Tutti i campioni analizzati contenevano particelle di microplastica e i ricercatori hanno rilevato addirittura 9 diversi tipi di plastica. I più comuni erano il polipropilene (PP) e il polietilene tereftalato (PET). Entrambe sono plastiche praticamente presenti in ogni oggetti della vita quotidiana.

Le specie di cozze campionate erano: la cozza blu europea, la cozza verde, la venere ondulata e la vongola del Pacifico. Tutte le cozze campionate sono state acquistate da negozi di alimentari. Alcune erano di allevamento, altre erano state catturate nel Mare del Nord, nel Mediterraneo, nell’Oceano Atlantico, nel Pacifico meridionale, nel Mar Cinese meridionale e nel Golfo di Thailandia.

Nonostante la provenienza, i risultati della ricerca pubblicata sulla rivista Environmental Pollution, hanno lasciato a bocca aperta gli scienziati.
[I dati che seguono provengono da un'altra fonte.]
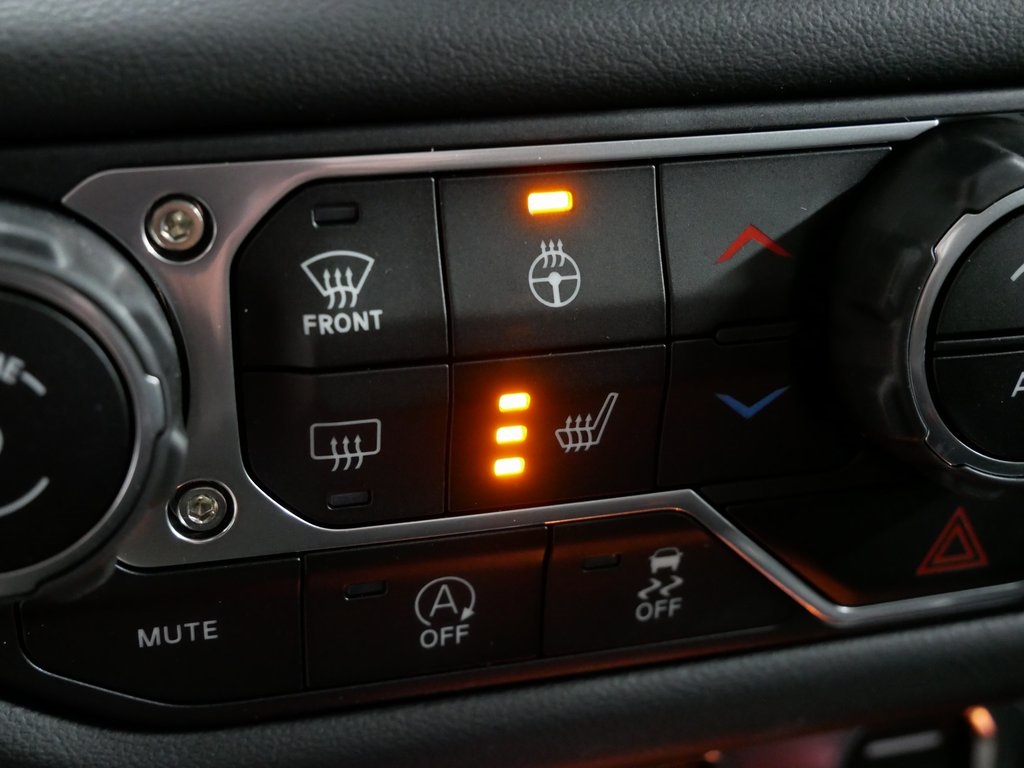 2025 Jeep Gladiator Sport photo 18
In tutte le specie, provenienti dai tutti i mari del mondo, erano presenti le microplastiche.

Per rendere confrontabili le analisi delle cozze di diverse dimensioni, è stato utilizzato un grammo di carne come riferimento fisso. Secondo lo studio, un grammo di carne di cozze conteneva tra 0,13 e 2,45 particelle di microplastica. I campioni raccolti nell’Atlantico settentrionale e nel Pacifico meridionale erano i più contaminati.

Le microplastiche rilevate nei mitili avevano una dimensione compresa tra tre e 5.000 micrometri, cioè tra 0,003 e cinque millimetri.
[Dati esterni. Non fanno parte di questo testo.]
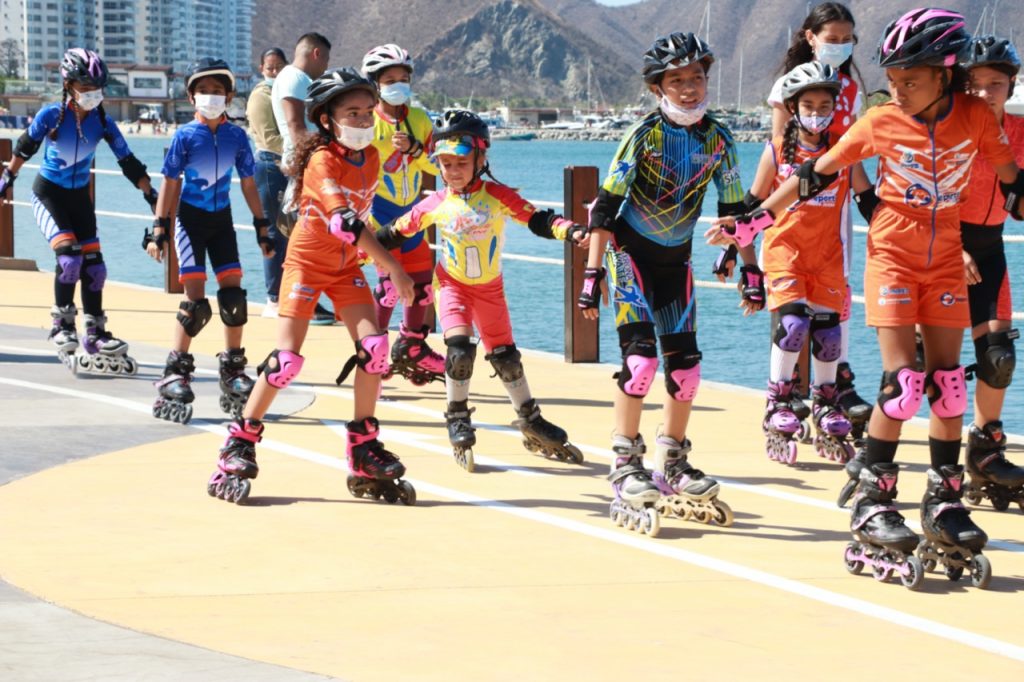 El Camellón de la Bahía es utilizado para prácticas deportivas y recreativas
“Per analizzare i tipi di microplastica, abbiamo utilizzato per la prima volta i cosiddetti algoritmi forestali casuali, Questi ci hanno permesso di valutare i dati rapidamente, automaticamente e in modo affidabile “, ha spiegato il dott. Martin Löder, capo del gruppo di lavoro sulla plastica.

Le cozze, spie dell’inquinamento dei mari

Le cozze sono veri e propri filtri del male e come tali, oltre alle particelle di cibo, ingurgitano anche la microplastica. Esse possono essere considerate dei veri e propri indicatori di inquinamento e permettono di conoscerne l’entità nelle rispettive aree di origine.

Non è un caso che esse siano state studiate anche in passato in relazione alla contaminazione delle acque e alla presenza di microplastiche. Tuttavia, i risultati finora disponibili possono essere confrontati tra loro solo in misura molto limitata perché spesso negli studi sono stati utilizzati metodi analitici diversi.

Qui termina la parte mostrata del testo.